• _How to complete this task_: Your copy begins at the line with "Brand New PPR" and runs through the end of the data below. Set down only those lines exactly, without pictures.

+++ Provided material +++

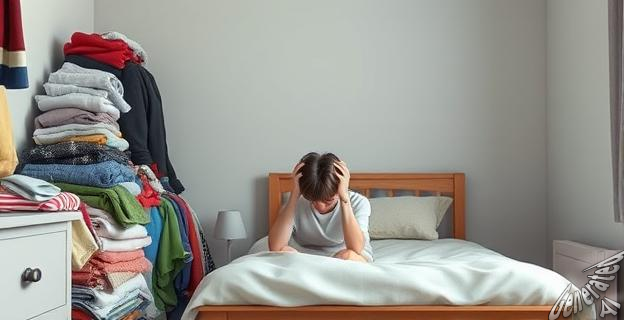 La acumulación de ropa puede indicar dificultad para cerrar ciclos y tomar decisiones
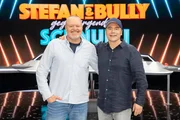 Stefan Raab (l.) und Michael Bully Herbig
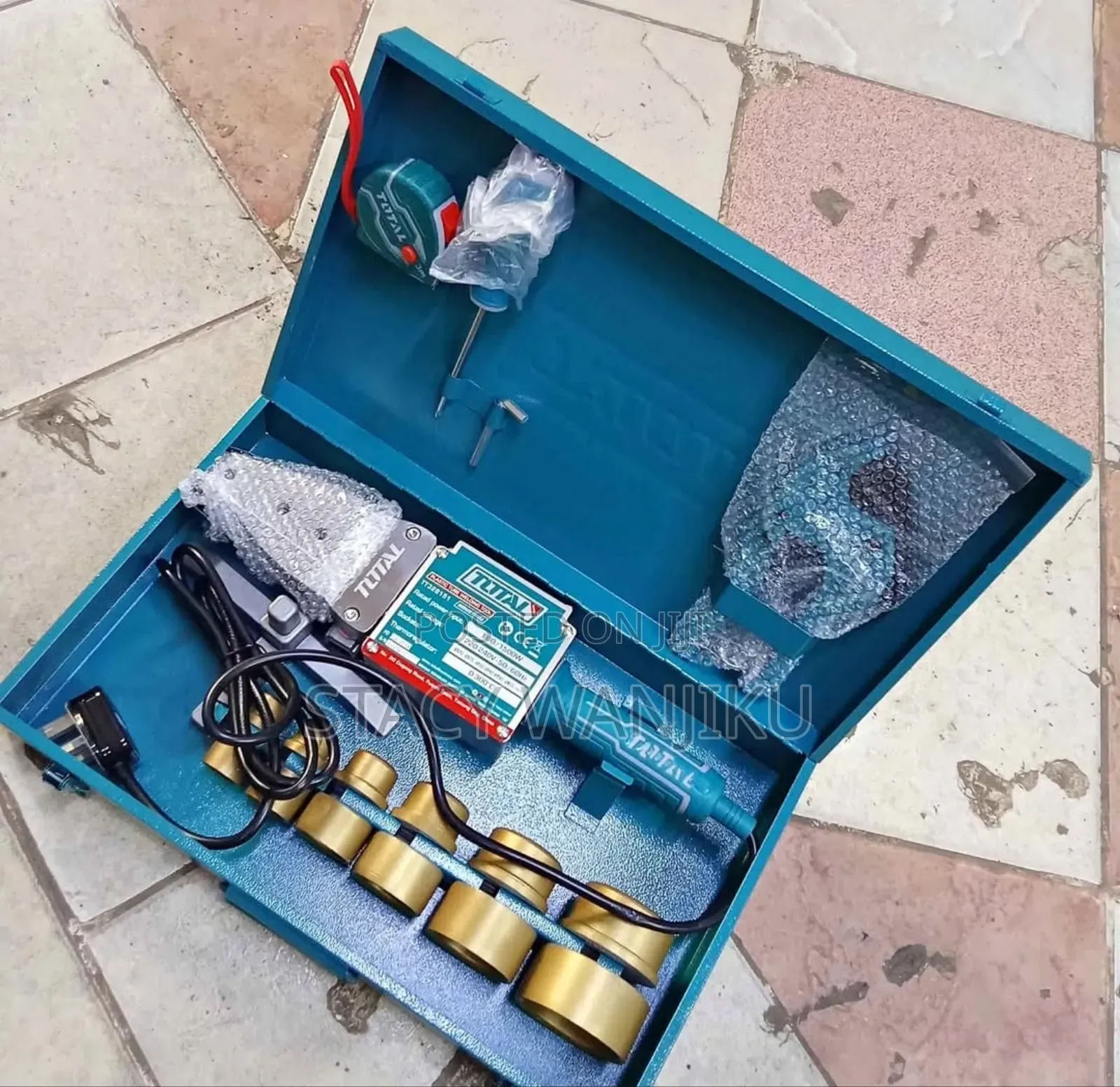 Brand New PPR Machine 1500w 20mm-63mm Sockets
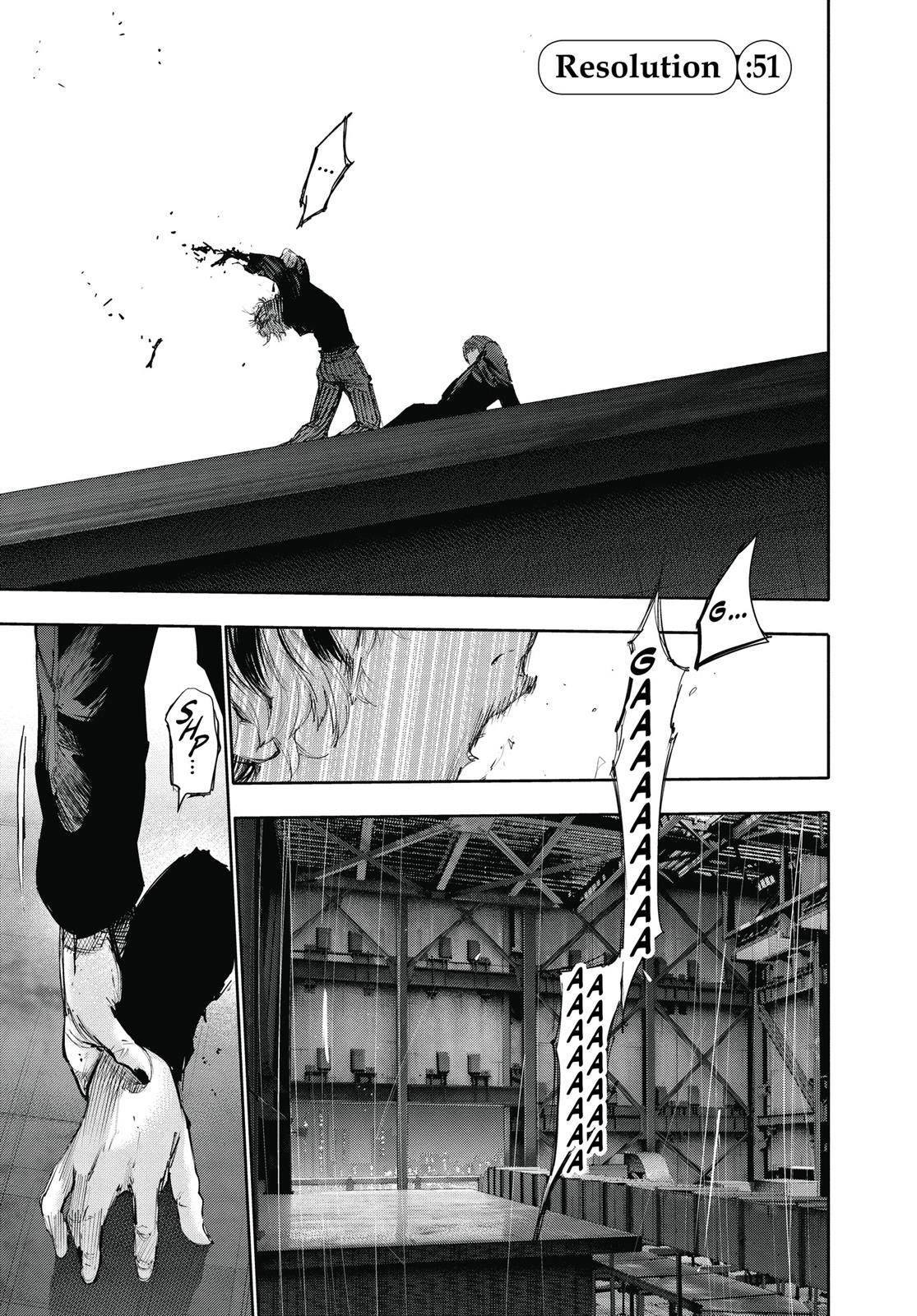 Read Tokyo Ghoul re Manga Online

+++

• _Answer box_:
 Brand New PPR Machine 1500w 20mm-63mm Sockets
 Read Tokyo Ghoul re Manga Online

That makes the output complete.